One promising new area of Chang’s work involves developing functional inks that can be used in combination with 3D printing technology to modify the properties of printed materials. In collaboration with Oregon State colleagues Brian Paul, professor of manufacturing engineering, and Somayeh Pasebani, assistant professor of advanced manufacturing, Chang’s group wants to use this process to incorporate oxide nanoparticles into stainless steel to create oxide dispersion strengthened alloys. These materials are used in high-temperature applications such as heat shields for spacecraft, and in heat exchangers for high-tech cooling applications. Chang is also working to develop printing processes for perovskite materials, used in a variety of applications including photovoltaics, lasers, and LEDs.

Another developing area of interest has to do with using microreactors to control the creation of metal-organic frameworks, or MOFs. These lab-made chemical structures combine metal ions or clusters with organic links to form molecular cages that can be designed to selectively adsorb specific types of gas.
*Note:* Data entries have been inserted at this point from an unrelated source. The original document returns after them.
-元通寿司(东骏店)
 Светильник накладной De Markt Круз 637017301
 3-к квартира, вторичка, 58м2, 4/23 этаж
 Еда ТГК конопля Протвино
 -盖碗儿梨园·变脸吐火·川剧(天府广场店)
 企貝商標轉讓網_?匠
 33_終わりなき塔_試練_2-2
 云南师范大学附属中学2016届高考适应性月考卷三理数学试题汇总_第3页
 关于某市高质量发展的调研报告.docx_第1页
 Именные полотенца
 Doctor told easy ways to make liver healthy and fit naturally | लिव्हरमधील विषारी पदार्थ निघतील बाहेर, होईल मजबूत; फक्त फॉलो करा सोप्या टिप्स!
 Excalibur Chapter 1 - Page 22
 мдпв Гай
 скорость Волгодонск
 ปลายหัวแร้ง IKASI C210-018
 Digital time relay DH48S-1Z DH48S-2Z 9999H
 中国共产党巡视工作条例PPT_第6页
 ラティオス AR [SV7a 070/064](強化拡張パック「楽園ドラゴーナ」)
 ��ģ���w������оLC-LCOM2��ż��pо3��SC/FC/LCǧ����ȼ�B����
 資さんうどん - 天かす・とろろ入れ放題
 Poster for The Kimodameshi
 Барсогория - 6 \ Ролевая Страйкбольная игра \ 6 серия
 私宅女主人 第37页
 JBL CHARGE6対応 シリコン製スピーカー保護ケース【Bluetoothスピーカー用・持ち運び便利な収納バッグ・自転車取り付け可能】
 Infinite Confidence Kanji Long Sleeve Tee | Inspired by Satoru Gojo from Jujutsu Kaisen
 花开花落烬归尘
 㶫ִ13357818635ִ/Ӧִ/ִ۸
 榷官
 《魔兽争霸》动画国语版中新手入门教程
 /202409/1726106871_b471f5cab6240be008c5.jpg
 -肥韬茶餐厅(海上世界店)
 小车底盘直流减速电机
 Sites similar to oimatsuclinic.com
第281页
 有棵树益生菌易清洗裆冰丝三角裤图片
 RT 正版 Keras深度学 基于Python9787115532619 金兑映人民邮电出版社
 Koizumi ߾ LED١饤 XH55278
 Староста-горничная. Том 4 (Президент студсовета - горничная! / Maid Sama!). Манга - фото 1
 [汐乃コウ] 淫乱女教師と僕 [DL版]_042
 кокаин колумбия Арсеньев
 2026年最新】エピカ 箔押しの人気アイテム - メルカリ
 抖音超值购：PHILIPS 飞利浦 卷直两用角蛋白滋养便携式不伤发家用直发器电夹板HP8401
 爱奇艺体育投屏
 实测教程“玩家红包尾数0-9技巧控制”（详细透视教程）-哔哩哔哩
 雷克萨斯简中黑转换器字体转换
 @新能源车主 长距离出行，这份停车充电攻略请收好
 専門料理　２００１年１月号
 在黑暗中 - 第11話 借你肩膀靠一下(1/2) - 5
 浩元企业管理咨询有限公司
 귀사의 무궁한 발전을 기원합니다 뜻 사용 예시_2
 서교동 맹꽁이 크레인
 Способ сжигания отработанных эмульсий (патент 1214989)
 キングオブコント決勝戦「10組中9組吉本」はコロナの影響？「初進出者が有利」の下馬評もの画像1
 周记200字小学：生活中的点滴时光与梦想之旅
Chang is working with Oregon State colleagues Cory Simon, assistant professor of chemical engineering, and Alan Wang, associate professor of electrical and computer engineering, on a project that will combine MOFs with fiber optic technology to create optical sensors to measure the levels of specific gases, such as carbon dioxide, in gas mixtures.

One principle underlying all of Chang’s projects is developing sustainable and scalable manufacturing processes for nanomaterials by reducing energy consumption and achieving higher material utilization.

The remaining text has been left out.